Contemporary higher education teaching is no longer perceived as an act of depositing information (Freire, 1970), where a lecturer is the unquestioned expert and student is the novice. For the ultimate student-centered experience, I suggest that it is important to encourage students’ active participation in their own learning.  Our role as lecturers should become more of that of a guide and a consultant. I believe one way to achieve this is Students as Partners (SaP) approach. Therefore, I decided to focus on possible uses of SaP to democratize my assessment process.

Literature Review

Students as Partners (SaP) embraces students and staff working together to achieve effective teaching and learning in higher education, which concerns reciprocal communication.  Cook-Sather et al. (2014) defines SaP as a reciprocal process through which the lecturer and students have possibilities to contribute equally, but not necessarily in the same ways. The UK higher education sector is witnessing an increased interest in practice focusing on (SaP) to co-design learning and teaching in higher education (Bovill, 2013; Healey et al. 2014). There is even a new journal dedicated to partnership research (International Journal for Students as Partners).

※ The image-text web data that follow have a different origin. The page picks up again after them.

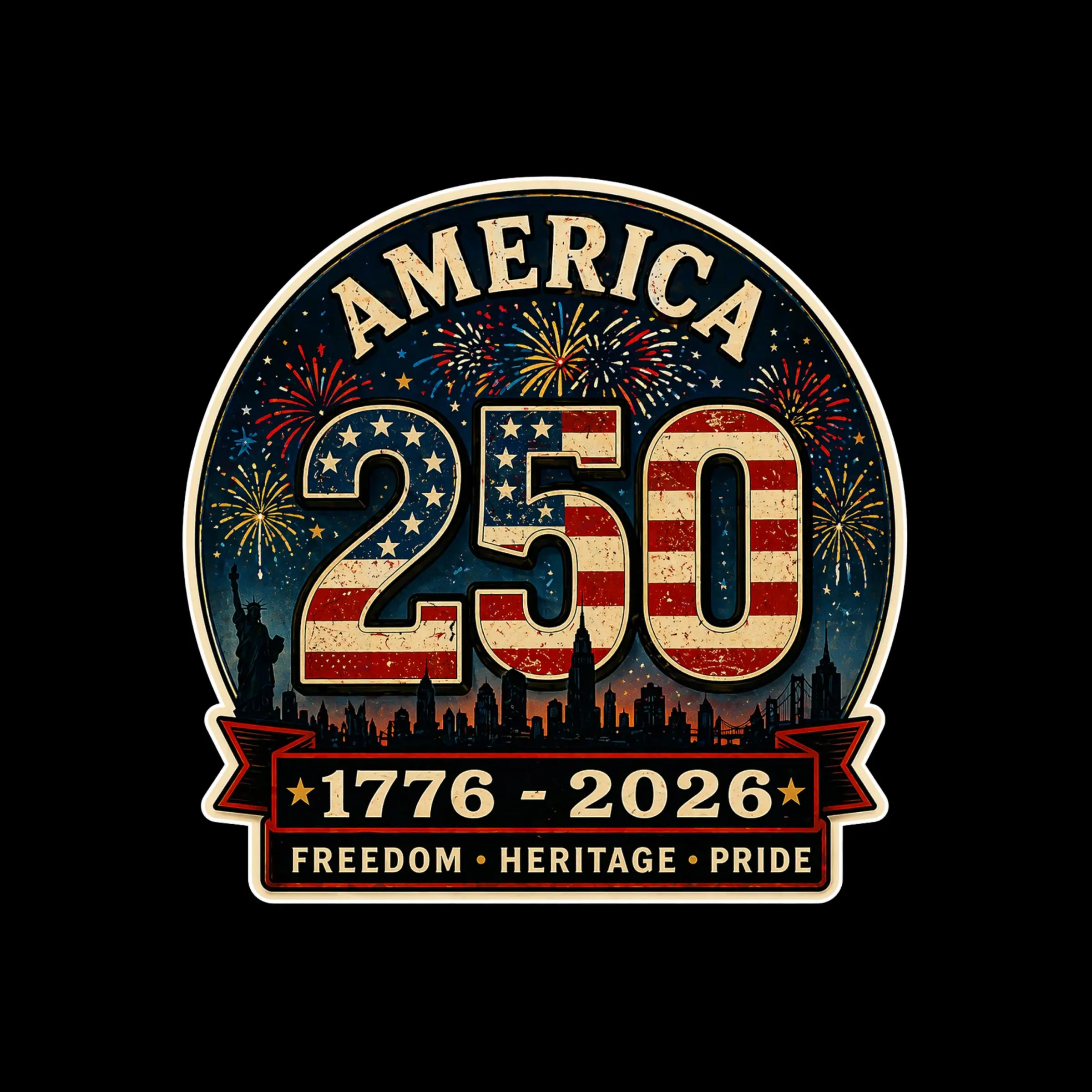 America 250 Fireworks Sticker, USA Anniversary Freedom Heritage Pride Decal Laptop Car Gift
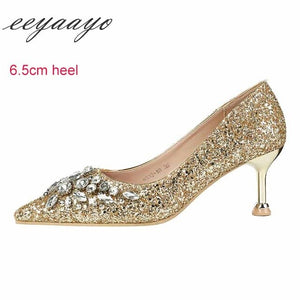 Women Pumps High Thin Heel Pointed Toe Crystal Bridal Wedding Shoes Gold High Heels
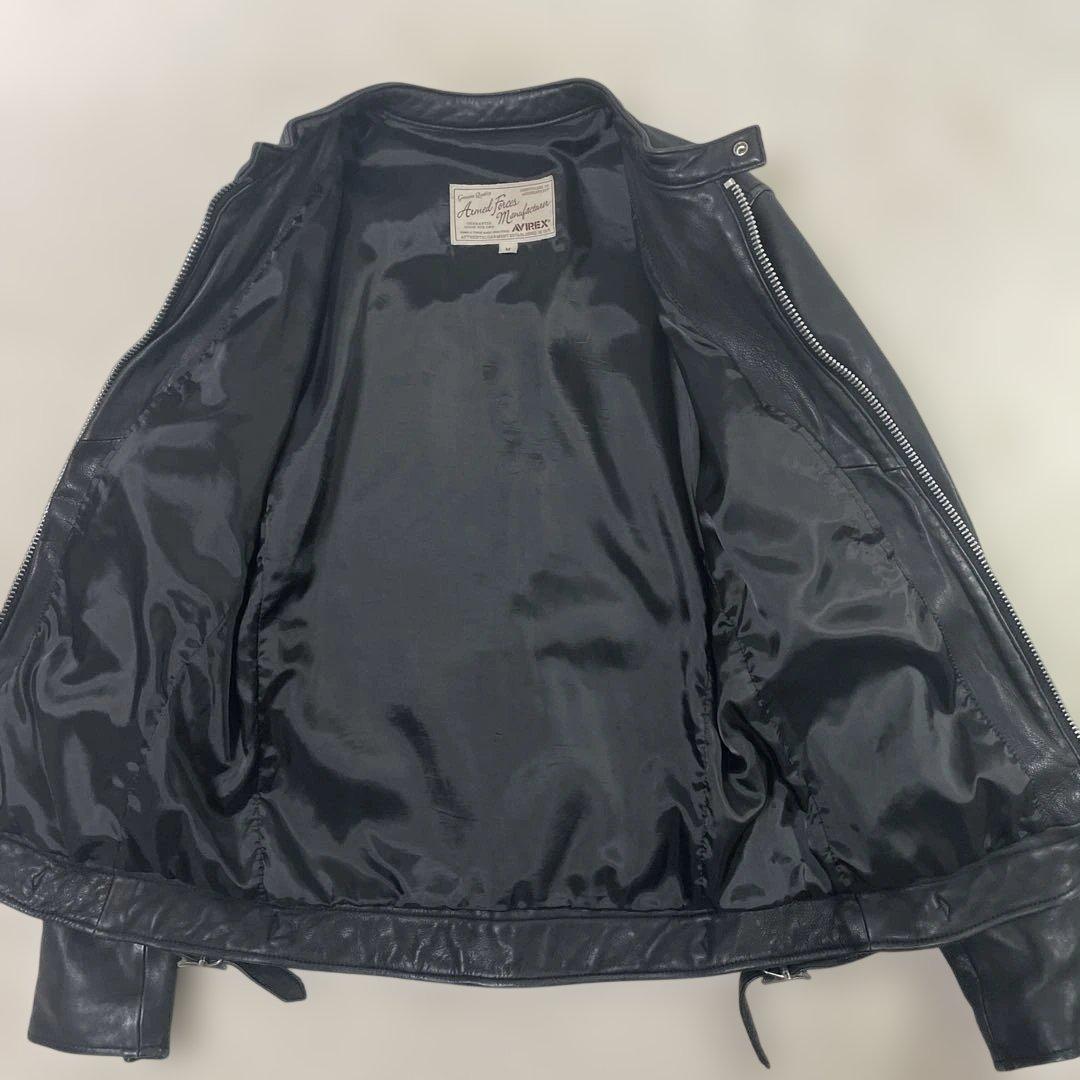 アヴィレックス ラムレザージャケット シングル M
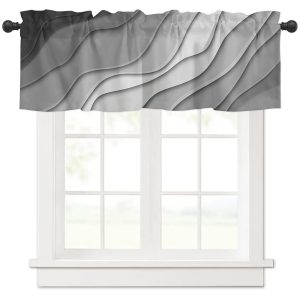 Black Grey Ombre Valances for Windows, Kitchen Curtains Window Treatment Decor, Modern Geometric Abstract Aesthetic Cream Rod Pocket Short Window Valances for Living...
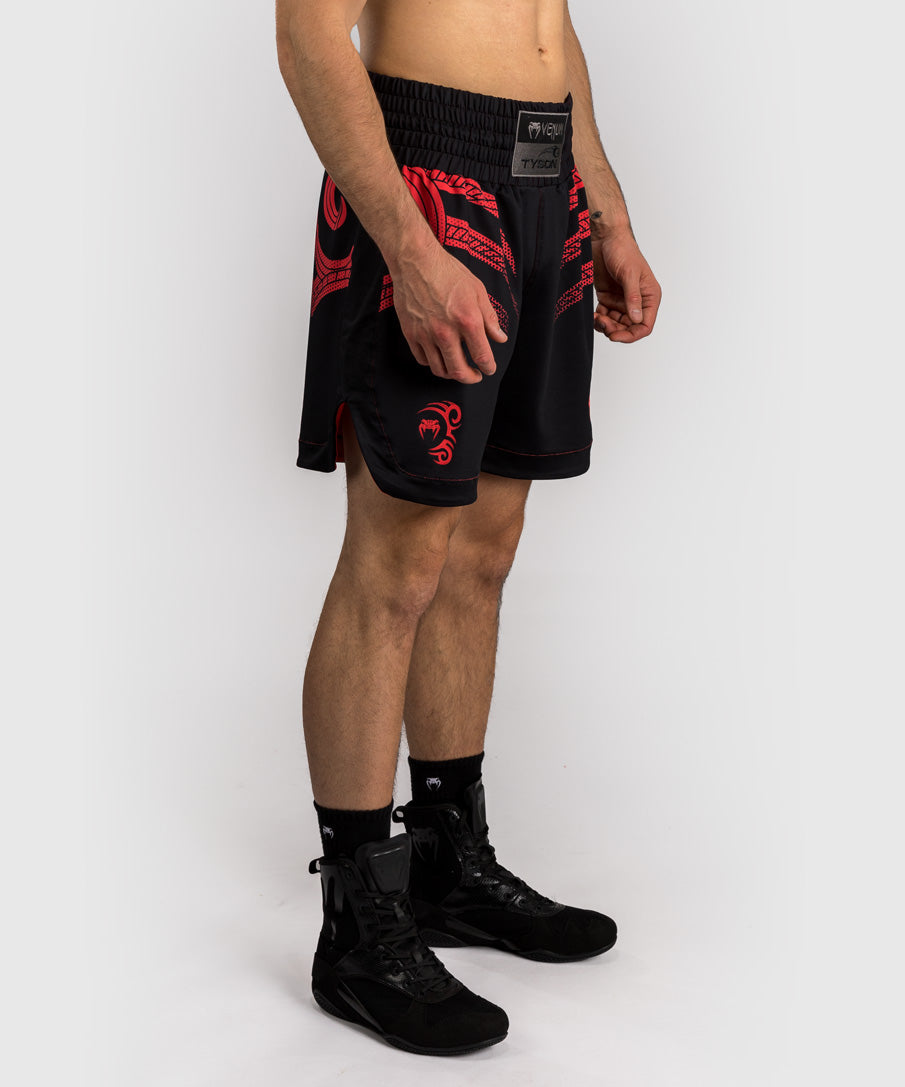 Venum x Mike Tyson Tiger Pantaloncini da Boxe - Nero Profondo/Rosso Intenso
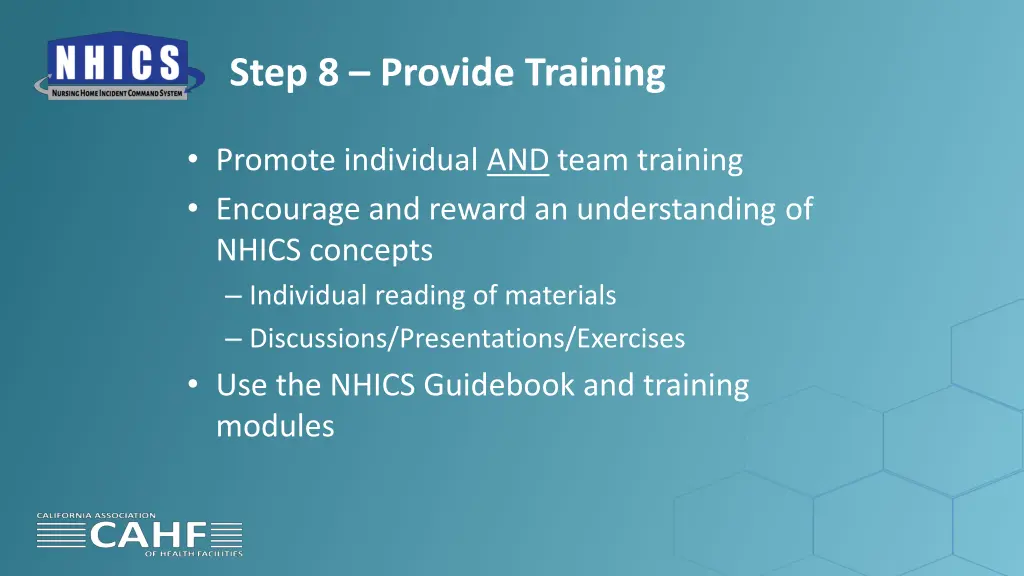 step 8 provide training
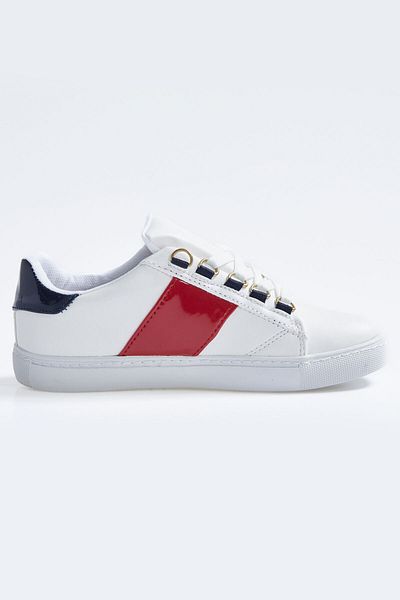 TOMMY LIFE Alb - Albastru bleumarin, pantofi sport pentru damă, cu dungi din piele artificială, cu șireturi - 89202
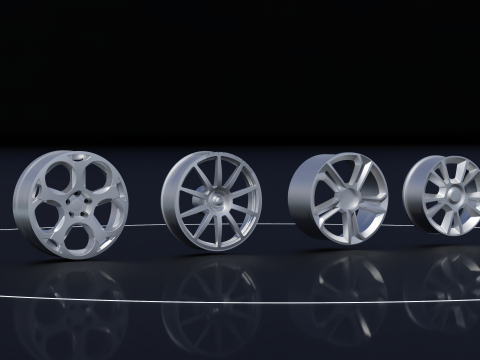 Set of rims 4 rims 3D Model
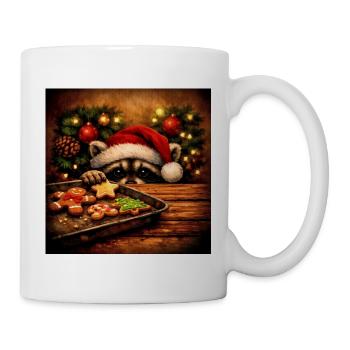 Waschbär im Santa-Hut mit Plätzchen - Tasse - Weiß - Rechts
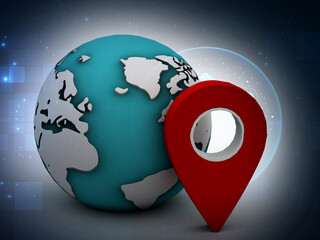 Fototapete - 3d rendering earth with map pointer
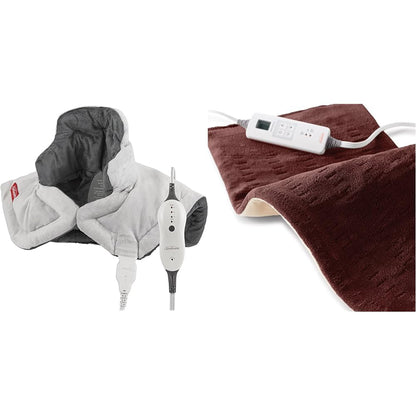 Sunbeam Contoured Heating Pad for Neck & Shoulder Pain Relief with Auto Shut Off Moist Heating Option 22 x 19 Grey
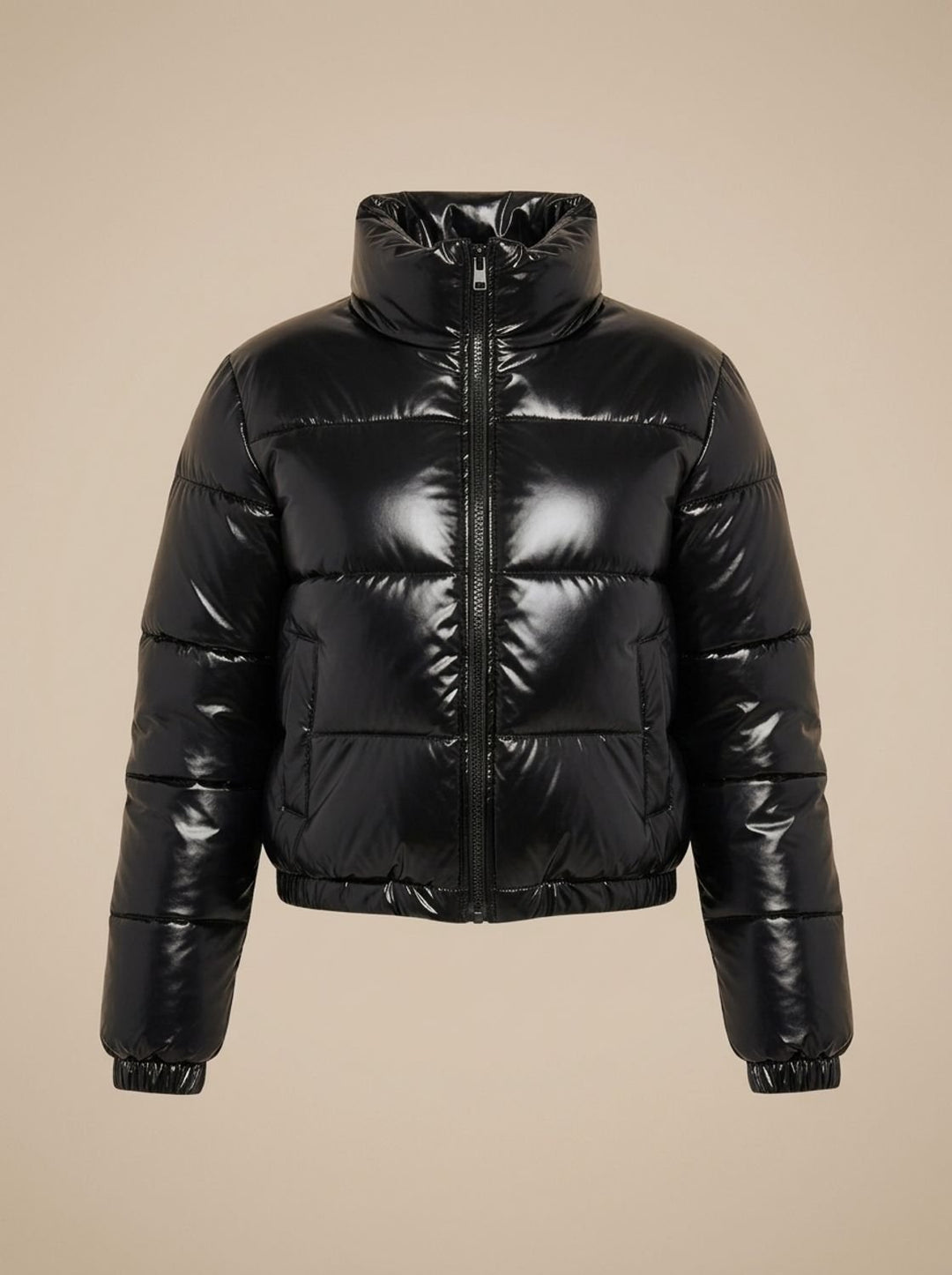 Women's Stylish Cropped Glossy Zip-Up Puffer Jacket - Black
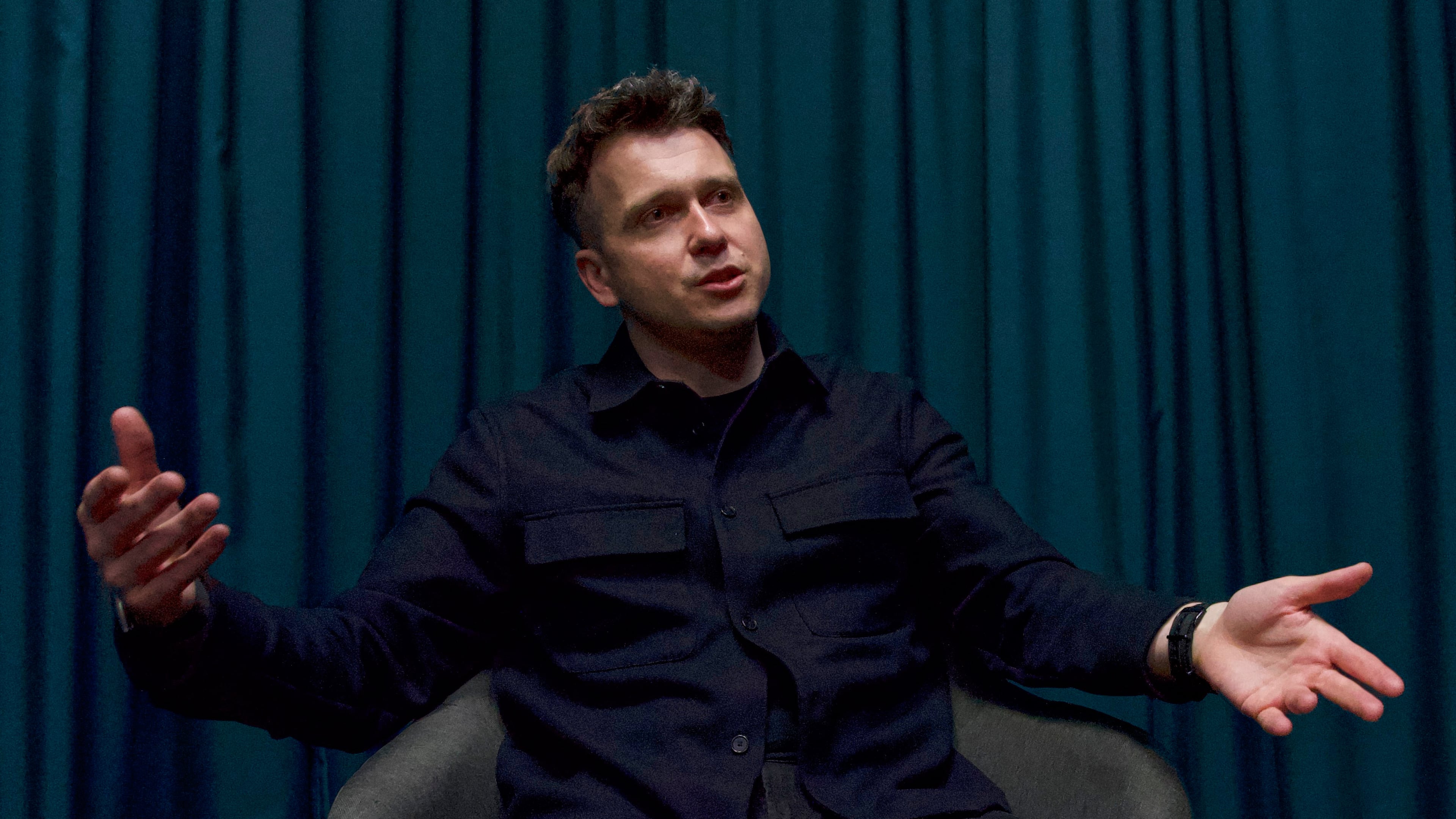 Danylo Tsvok, head of the Defense Artificial Intelligence Center of Ministry of Defence of Ukraine, speaks during an interview with The Associated Press in Kyiv, Ukraine, on April 24, 2026. (AP Photo/Vasilisa Stepanenko)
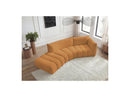 Azra - 4 Seater Curved Fixed Sofa - Bouclette Fabric - Right Angle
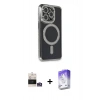 MARSİLYAN™- iPhone 14 Pro Max Kılıf Zirve Doku Prime - Siyah Bilvis 5in1 3D Magic Cam Ekran Koruyucu + Bilvis Titan Kamera Lens - GS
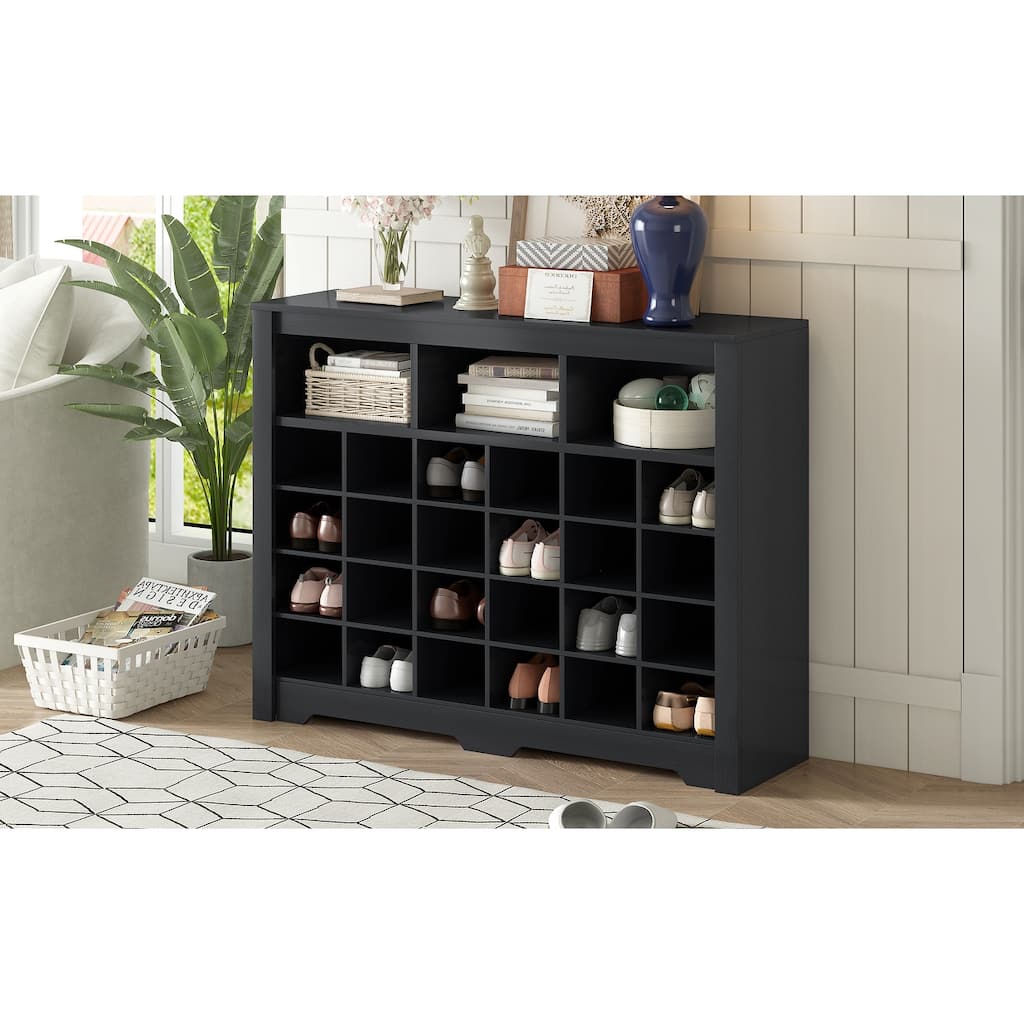 Modern Shoe Cabinet with Curved Base, Versatile Sideboard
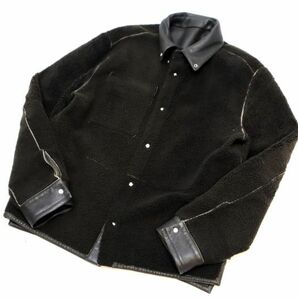 正規品 最高級 HERMES MENS ラムスキン ムートンジャケット エルメス MOUTON SHIRT JACKET ブルゾン リバーシブル 48 フランス製 M-25の画像5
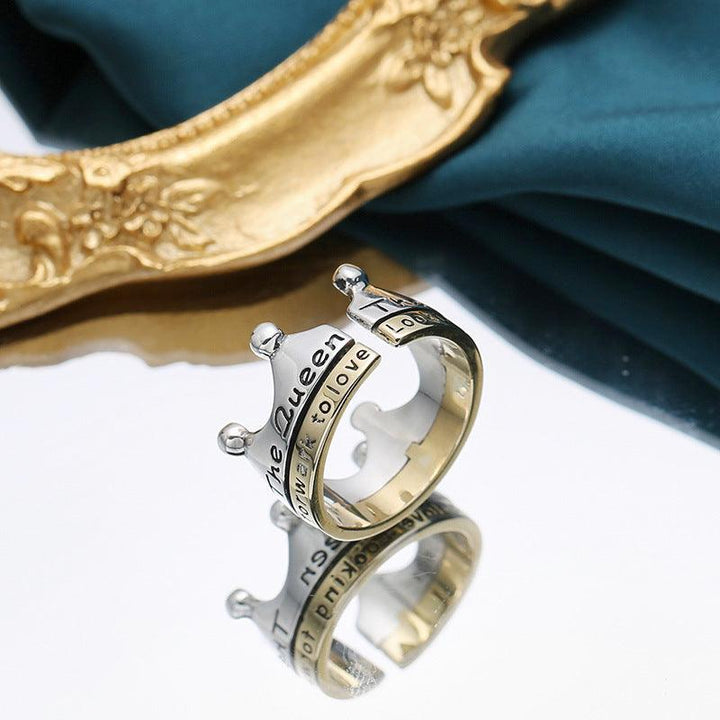S925 Silver Gold Crown Ring Simple INS Style Simple - Trendha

The benefits of engaging in SaP are many. It is evident that they can offer students a truly memorable learning experience by enhancing engagement, employability skills and attributes (Deeley, 2015), and by giving them the possibility of taking an active role in their learning (Cook-Sather et al, 2014). They can also create a transformed sense of self and self-awareness for both students and staff (Werder & Otis, 2010; Cook-Sather & Abbot, 2016) and develop more inclusive teaching practices (Cook-Sather & Agu, 2013).

In the literature, it has been asserted that assessment and feedback are the weakest links in learning and teaching (Rust, O’Donovan and Price, 2005). Given its above-listed benefits, one expects to find extensive use of SaP in assessment to reduce major student dissatisfaction in higher education assessment. However, I have found that a focus on assessment is relatively uncommon and very limited within SaP practice and research (Vremande Olde & Jong, 2004; Boles, 1999; Vreman-de Olde & Jong, 2004; Hudd, 2003) even though there is growing evidence of beneficial outcomes for SaP in assessment such as deeper learning and enhanced skills development (Deeley, 2014); enhanced exam performance and student learning (Hardy et al. 2014); and deeper understanding of assessment processes (Sambell and Graham 2011).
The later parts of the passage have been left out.